Título: Governo quer permissão para demitir
Autor: Rittner, Daniel
Fonte: Valor Econômico, 16/08/2007, Política, p. A5

O governo fez ontem, em bloco e de maneira enfática, uma defesa de novas regras que permitam ao presidente da República propor ao Senado a demissão de diretores das agências reguladoras. Pela proposta do governo, a iniciativa de destituir os dirigentes, em caso de "incompetência" ou "má gestão", deve ser exclusiva do Poder Executivo - o Senado apenas daria ou não seu aval.

Trata-se do mesmo modelo de nomeação dos diretores. Indicados pelo Executivo, eles devem ser aprovados pelo Senado. A idéia é adotar o mesmo sistema para ter o poder de tirá-los dos cargos. "Os mandatos podem e devem ser estáveis, mas não são intocáveis", enfatizou o ministro das Comunicações, Hélio Costa.

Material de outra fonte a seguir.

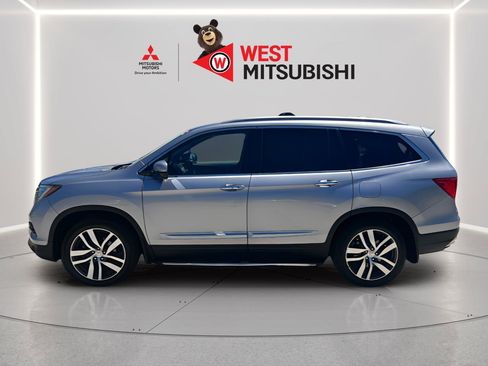 Used 2016 Honda Pilot Elite image 2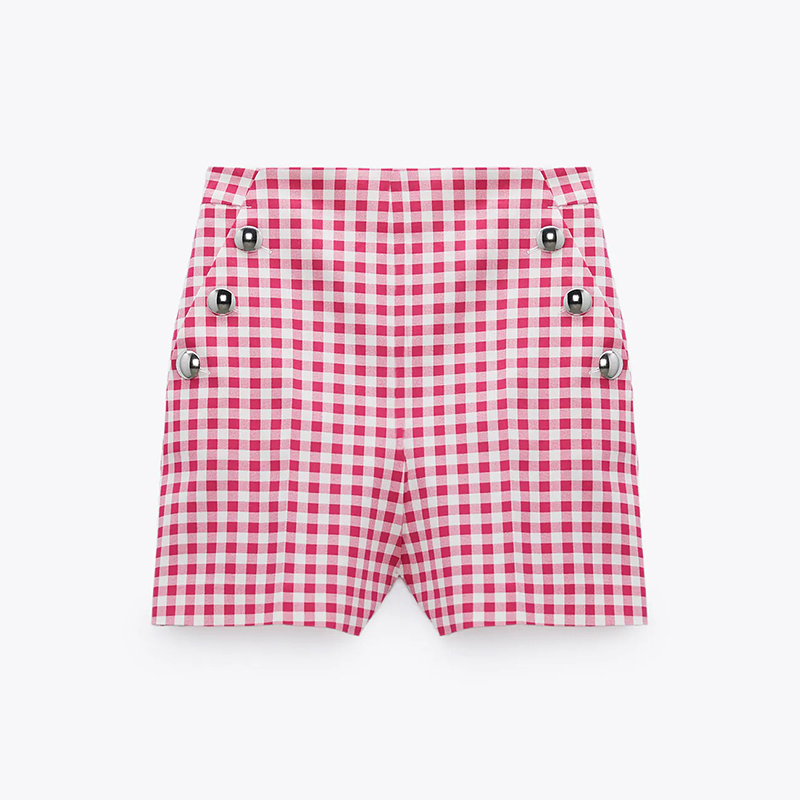 Buttoned bermuda shorts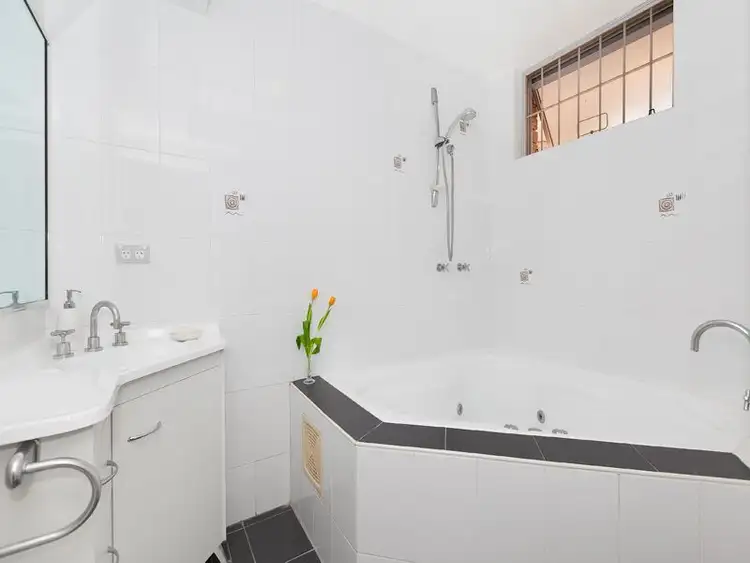 Sixth view of Homely apartment listing, 4/57 Hood Street, Sherwood QLD 4075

Em meio à crise aérea e à perspectiva de votação da lei geral das agências, na próxima semana, Costa e outros representantes de peso foram ao plenário da Câmara para defender mudanças nas regras dos órgãos reguladores. Sempre ponderaram que o afastamento deve ser visto como exceção e conseqüência de uma "situação especial", mas transmitiram o recado do Palácio do Planalto. "Aquele que nomeia também deve ter a competência de demitir", reforçou o major-brigadeiro Jorge Godinho, assessor especial do Ministério da Defesa.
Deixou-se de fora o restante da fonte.